Le 27 septembre 2003, elle a en outre déposé la marque figurative en couleurs MIN’OURS, dans les classes 03, 05, 16, 29 et 32, notamment pour les produits suivants : produits pharmaceutiques vétérinaires ; produits hygiéniques pour la médecine ; substances diététiques à usage médical, aliments pour bébés.
Ces deux marques sont exploitées par la société LABORATOIRE LESCUYER.
Pour sa part, la SARL ATLANTIC NATURE est titulaire d’une marque française KID’OURS déposée le 26 juillet 2004 dans les classes de produits 05, 29 et 30 pour désigner notamment des compléments alimentaires et produits de phytothérapie sous forme de capsules molles, comprimés, ampoules, comprimés est uni doses à base d’ingrédients alimentaires d’origine végétale et animale à usage médical.
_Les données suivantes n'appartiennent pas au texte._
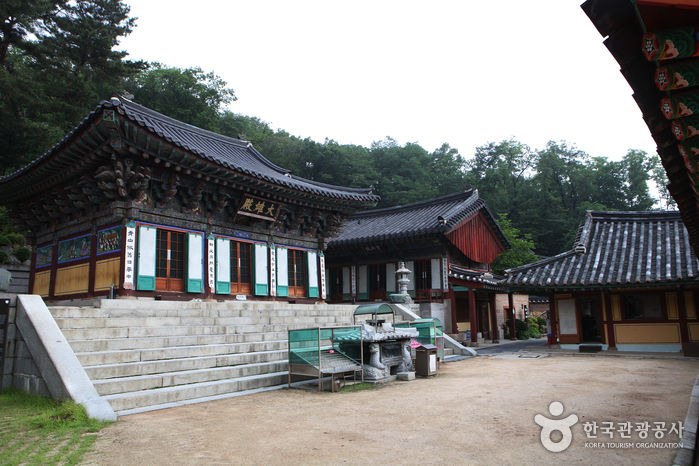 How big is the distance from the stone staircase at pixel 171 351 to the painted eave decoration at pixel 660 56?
24.4 feet

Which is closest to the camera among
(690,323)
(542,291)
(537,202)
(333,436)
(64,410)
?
(333,436)

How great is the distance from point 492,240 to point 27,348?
942 inches

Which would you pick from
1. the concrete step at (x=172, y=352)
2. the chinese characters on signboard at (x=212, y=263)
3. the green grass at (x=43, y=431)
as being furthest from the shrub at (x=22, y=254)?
the green grass at (x=43, y=431)

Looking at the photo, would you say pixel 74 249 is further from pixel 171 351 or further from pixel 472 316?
pixel 472 316

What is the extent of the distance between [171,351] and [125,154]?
6.69 meters

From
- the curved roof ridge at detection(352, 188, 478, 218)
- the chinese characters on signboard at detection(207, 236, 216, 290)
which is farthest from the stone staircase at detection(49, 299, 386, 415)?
the curved roof ridge at detection(352, 188, 478, 218)

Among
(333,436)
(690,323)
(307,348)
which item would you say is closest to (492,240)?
(690,323)

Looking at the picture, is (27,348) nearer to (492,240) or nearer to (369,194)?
(369,194)

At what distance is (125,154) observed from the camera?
12641 millimetres

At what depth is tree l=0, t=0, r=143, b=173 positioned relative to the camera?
21.6 m

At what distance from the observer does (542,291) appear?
1808cm

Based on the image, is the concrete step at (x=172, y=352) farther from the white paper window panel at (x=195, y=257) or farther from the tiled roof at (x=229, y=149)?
the tiled roof at (x=229, y=149)

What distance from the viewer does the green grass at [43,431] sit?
14.8 feet

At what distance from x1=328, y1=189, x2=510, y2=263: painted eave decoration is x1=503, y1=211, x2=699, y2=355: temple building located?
4.73 meters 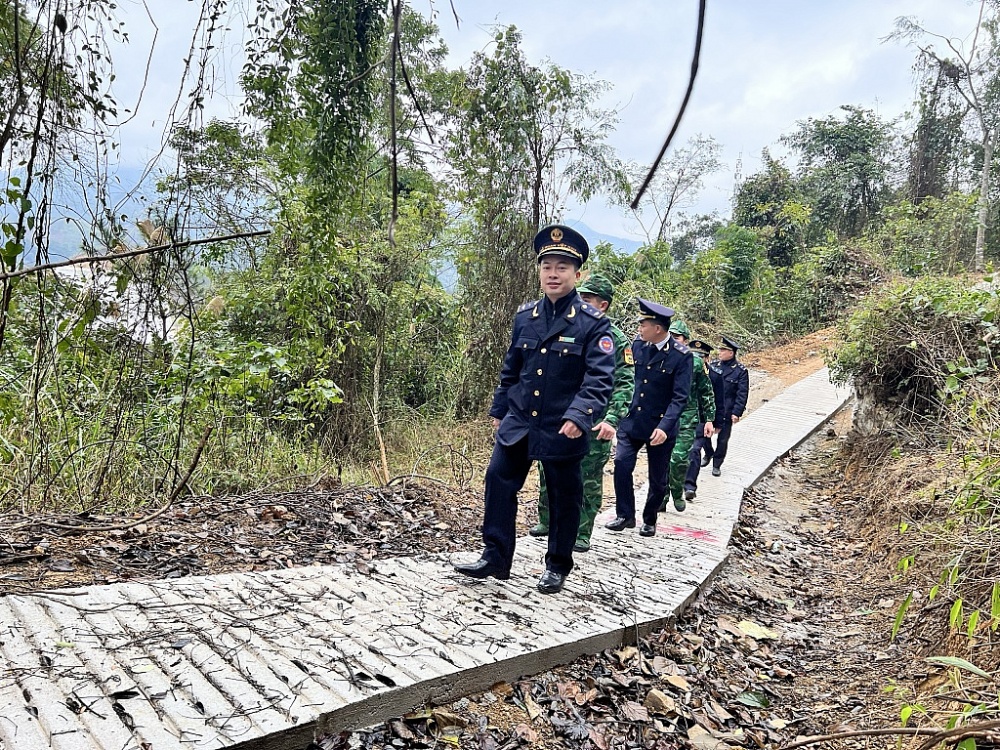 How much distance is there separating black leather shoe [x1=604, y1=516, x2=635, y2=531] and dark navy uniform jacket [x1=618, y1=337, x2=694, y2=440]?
0.67m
Compléments alimentaires à base d’huile végétale, de plantes et d’extraits de plantes, de substances d’origine végétale et animale..
Le 8 décembre 2005, le conseil en propriété industrielle de la société LABORATOIRE LESCUYER a adressé une lettre de mise en demeure à la SARL ATLANTIC NATURE, lui enjoignant de cesser immédiatement la diffusion des produits revêtus de la mention KID’OURS en invoquant l’atteinte à ses droits antérieurs.
Dans le cadre de la procédure de redressement judiciaire dont la SARL ATLANTIC NATURE a fait l’objet, Me R, ès qualités d’administrateur judiciaire , a indiqué à ce conseil que le dirigeant de la SARL ATLANTIC NATURE l’avait informé de ce que la marque KID’OURS n’était pas utilisée .
Exposant que la SARL ATLANTIC NATURE avait néanmoins repris la commercialisation de ses produits sous la marque KID’OURS et ce, en dépit des mises en demeure qui lui avaient été adressées, la société LABORATOIRE LESCUYER l’a faite assigner à comparaître le 21 mai 2010 devant le Tribunal de Grande Instance de Rennes, au visa des articles L711-1, L713-3 et L716-1 du code de la propriété intellectuelle et de l’article 1382 du Code civil pour voir :
dire et juger que l’usage par la SARL ATLANTIC NATURE de la marque KID’OURS est constitutive de contrefaçon des marques MIN’OURS n° 3231095 et 3247692 appartenant à la société LABORATOIRE LESCUYER,
dire et juger que la commercialisation par la SARL ATLANTIC NATURE de produits identiques à ceux de la société LABORATOIRE LESCUYER, sous une forme quasiment identique, est constitutive d’actes de concurrence déloyale et parasitaire au préjudice de la société LABORATOIRE LESCUYER,
condamner la SARL ATLANTIC NATURE à lui verser la somme de 30 000 € en réparation du préjudice né de l’atteinte à ses marques et de celle de 30 000 € en réparation du préjudice né des actes de concurrence déloyale et parasitaire commis à son encontre.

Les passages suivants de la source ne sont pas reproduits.